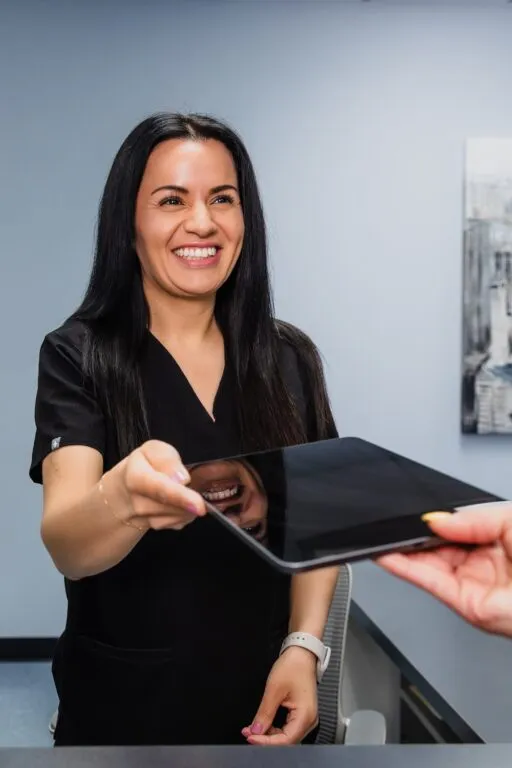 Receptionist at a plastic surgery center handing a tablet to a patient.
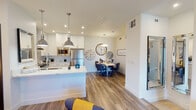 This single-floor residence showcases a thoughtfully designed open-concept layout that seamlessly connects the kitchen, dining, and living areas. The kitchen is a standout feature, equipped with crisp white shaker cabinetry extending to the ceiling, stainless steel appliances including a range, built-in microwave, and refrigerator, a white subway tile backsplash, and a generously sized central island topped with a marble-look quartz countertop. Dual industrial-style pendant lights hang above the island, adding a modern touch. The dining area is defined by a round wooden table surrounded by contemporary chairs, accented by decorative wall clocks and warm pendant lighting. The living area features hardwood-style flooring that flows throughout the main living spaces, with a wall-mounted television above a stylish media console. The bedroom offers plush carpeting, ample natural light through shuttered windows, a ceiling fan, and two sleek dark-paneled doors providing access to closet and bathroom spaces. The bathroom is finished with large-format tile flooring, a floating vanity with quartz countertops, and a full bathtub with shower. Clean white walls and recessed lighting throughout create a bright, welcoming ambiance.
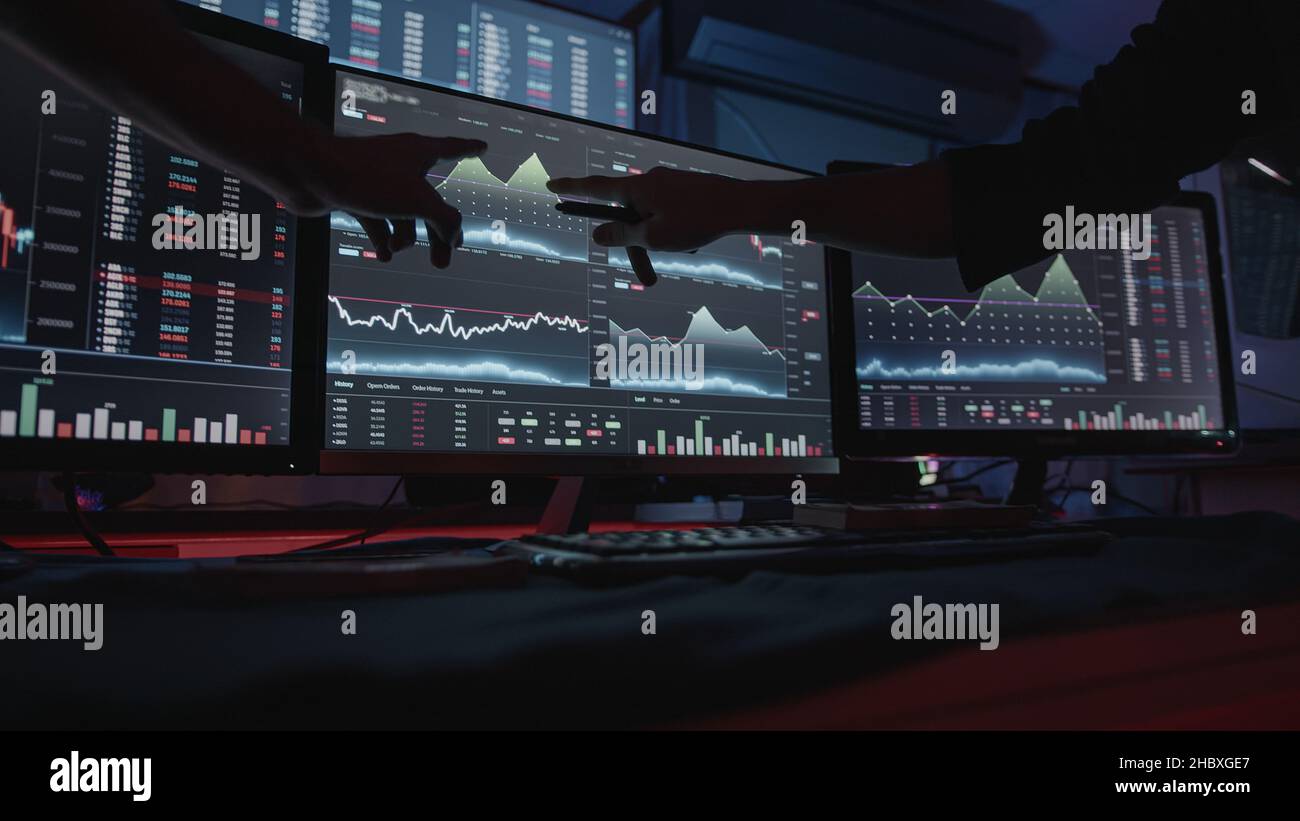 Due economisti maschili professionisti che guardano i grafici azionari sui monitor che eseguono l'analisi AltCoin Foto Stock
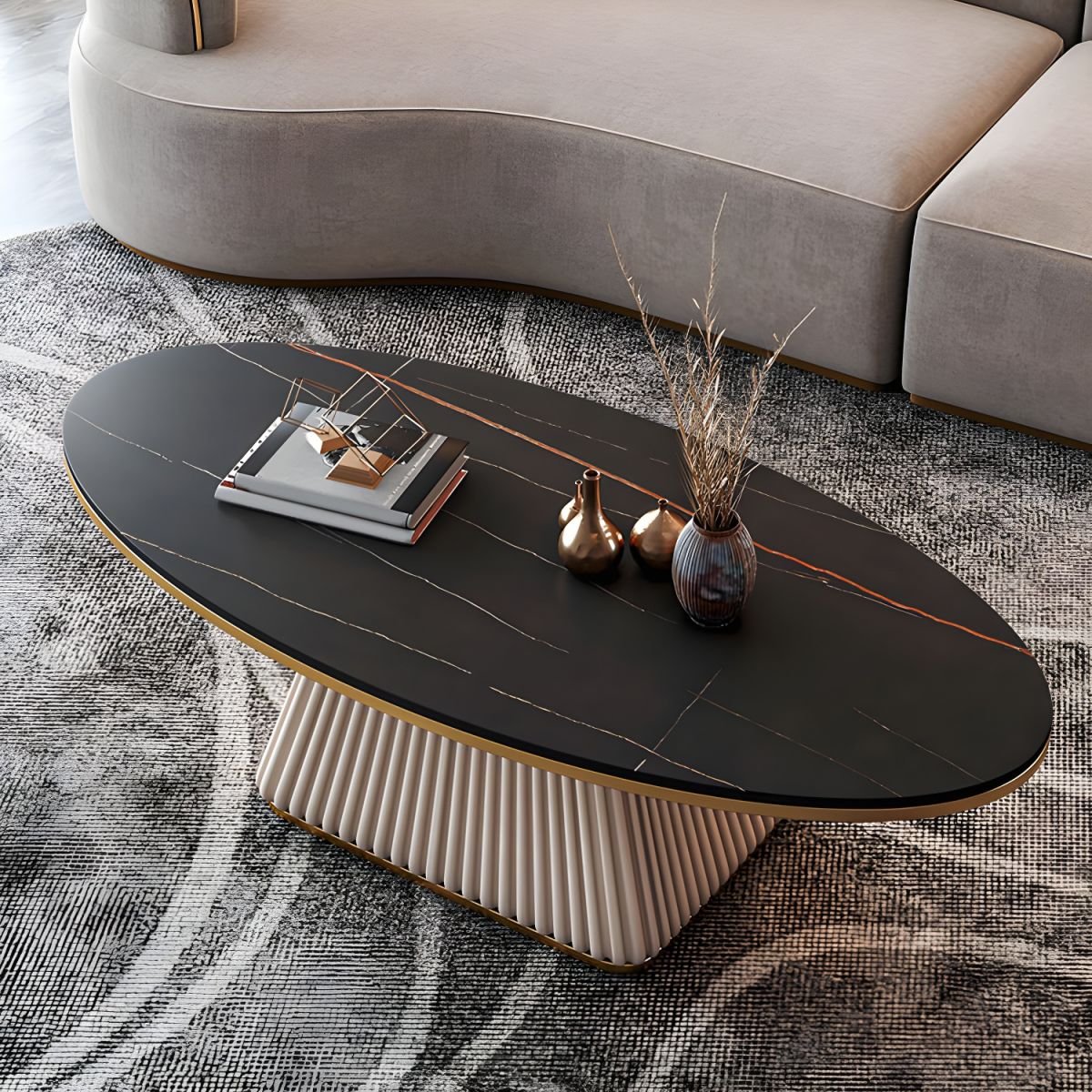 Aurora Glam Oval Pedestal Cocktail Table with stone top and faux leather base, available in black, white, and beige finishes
+++
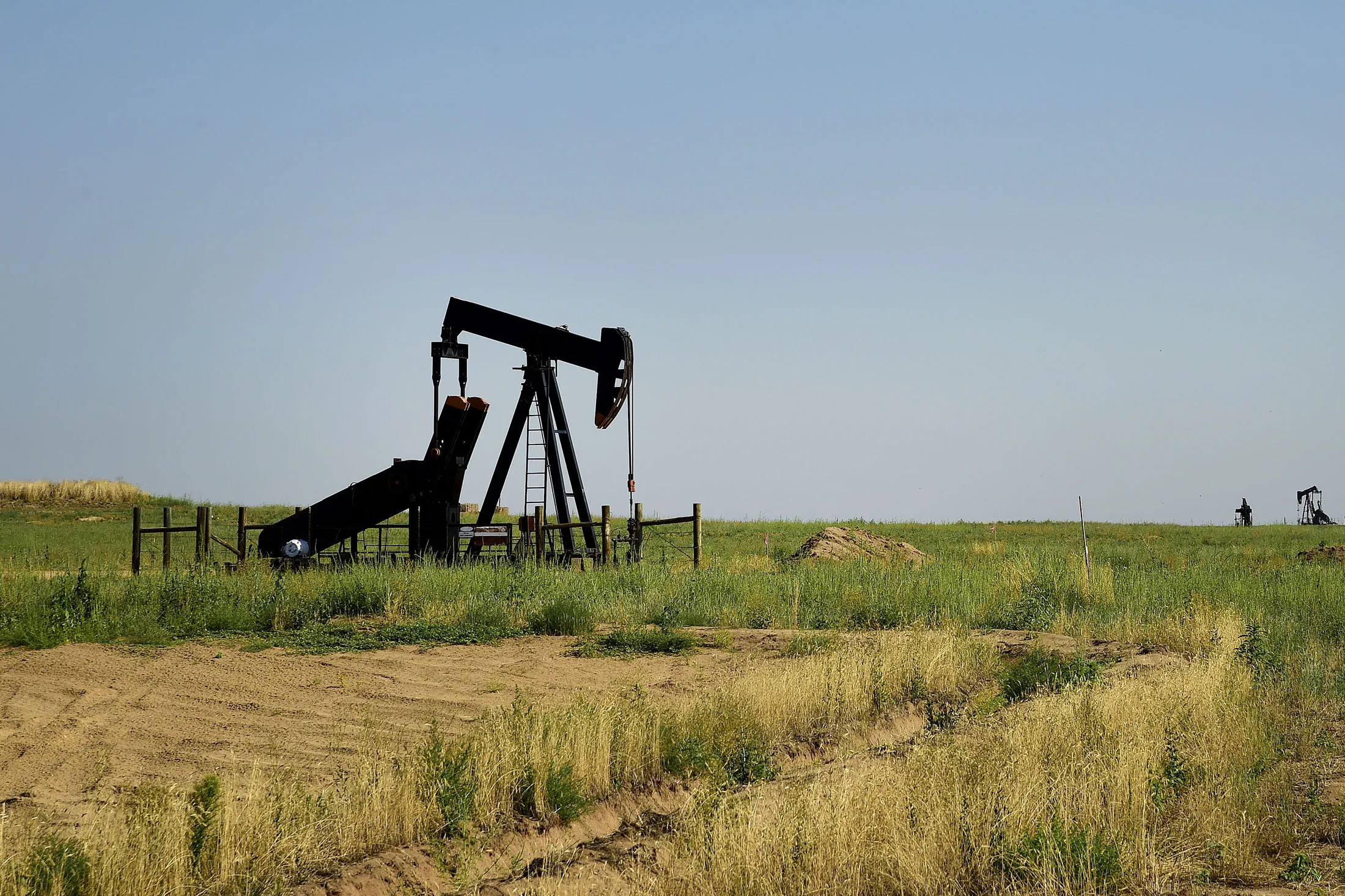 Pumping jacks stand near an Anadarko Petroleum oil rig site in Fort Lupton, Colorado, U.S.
+++
• PROBLEM DESCRIPTION: Starting at the line containing "Receptionist at a" and stopping at the line containing "Aurora Glam Oval", output every line above exactly, both ends included, with pictures omitted.

• WRITTEN RESPONSE:
 Receptionist at a plastic surgery center handing a tablet to a patient.
 This single-floor residence showcases a thoughtfully designed open-concept layout that seamlessly connects the kitchen, dining, and living areas. The kitchen is a standout feature, equipped with crisp white shaker cabinetry extending to the ceiling, stainless steel appliances including a range, built-in microwave, and refrigerator, a white subway tile backsplash, and a generously sized central island topped with a marble-look quartz countertop. Dual industrial-style pendant lights hang above the island, adding a modern touch. The dining area is defined by a round wooden table surrounded by contemporary chairs, accented by decorative wall clocks and warm pendant lighting. The living area features hardwood-style flooring that flows throughout the main living spaces, with a wall-mounted television above a stylish media console. The bedroom offers plush carpeting, ample natural light through shuttered windows, a ceiling fan, and two sleek dark-paneled doors providing access to closet and bathroom spaces. The bathroom is finished with large-format tile flooring, a floating vanity with quartz countertops, and a full bathtub with shower. Clean white walls and recessed lighting throughout create a bright, welcoming ambiance.
 Due economisti maschili professionisti che guardano i grafici azionari sui monitor che eseguono l'analisi AltCoin Foto Stock
 Aurora Glam Oval Pedestal Cocktail Table with stone top and faux leather base, available in black, white, and beige finishes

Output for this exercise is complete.